Overcoming obstacles to Lund University’s sustainability goals: a case study on the use of behavioral insights in canteen settings

University essay from Lunds universitet/LUCSUS

Abstract: Universities are in a unique position to lead society through a sustainability transition. Still, there is an unexploited potential, even of low-effort, low-investment measures, for improving environmental sustainability at Lund University. This raises the question of what obstacles lead to suboptimal environmental management in universities. Through a literature review, I identified thirteen obstacles preventing the implementation of sustainable practices in university operations. I then organized these obstacles in a multi-level framework. By conducting key stakeholder interviews, I found that all of these obstacles are also present at Lund University.
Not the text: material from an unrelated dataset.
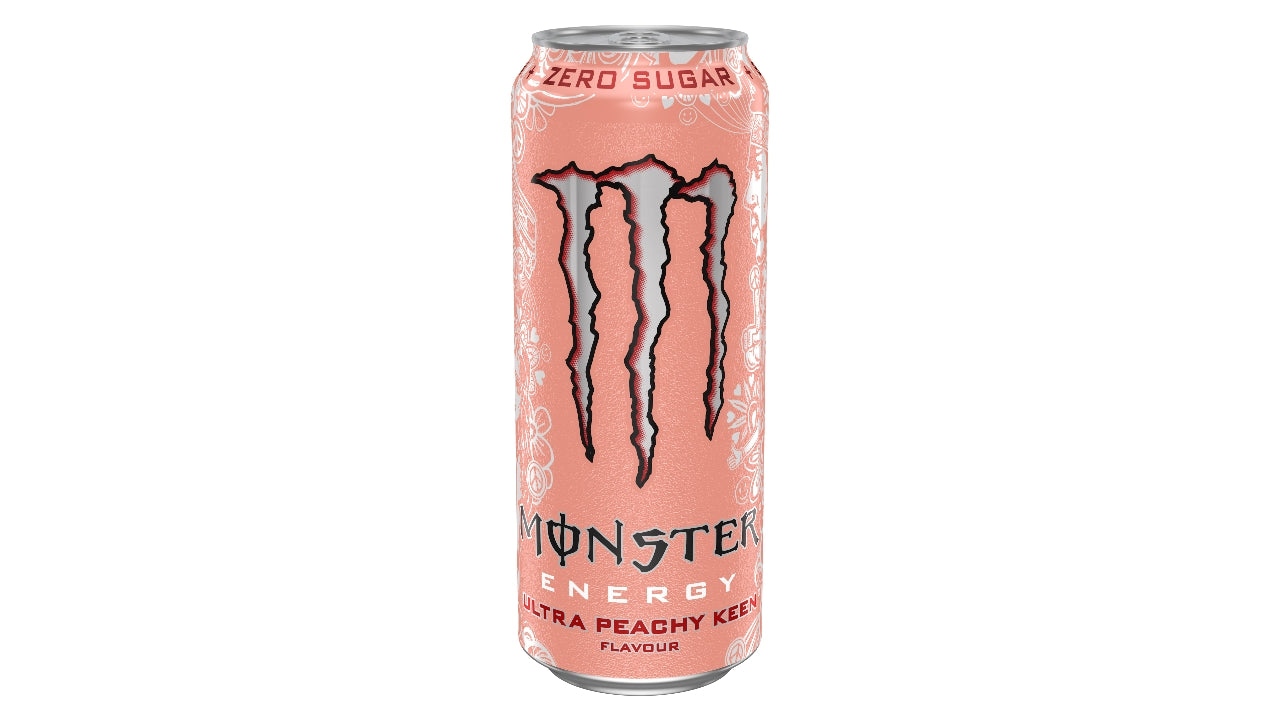 Monster peach keen 50cl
Nine of the obstacles (university governance, context dependence and lack of knowledge, resources, leadership, data, societal support, stakeholder engagement and communication) play an important role in the lack of measures aiming at reducing meat consumption in Lund University canteens. The limited resources of the environmental management appear to cause a narrowed focus on risk, legal compliance and safety hazards, excluding most operations from the scope of sustainability action, manifesting itself in, among other things, the absence of nudges in the canteen settings. Fortunately, several things can be done to improve this situation. First, more employees are needed to deal with environmental matters and to broaden the scope of action to enable taking action on all operations with environmental impacts. Second, there needs to be a systematized rather than ad hoc way in which experts can communicate findings with practical implications for sustainability to the relevant actors in the university management and operations. Third, in order to improve environmental performance, data on food consumption and other operations with an environmental impact at the university need to be collected and monitored systematically. Finally, nudges can be implemented with the purpose of reducing meat consumption at the university as a way of facilitating a behavior shift that contributes to more sustainable university operations.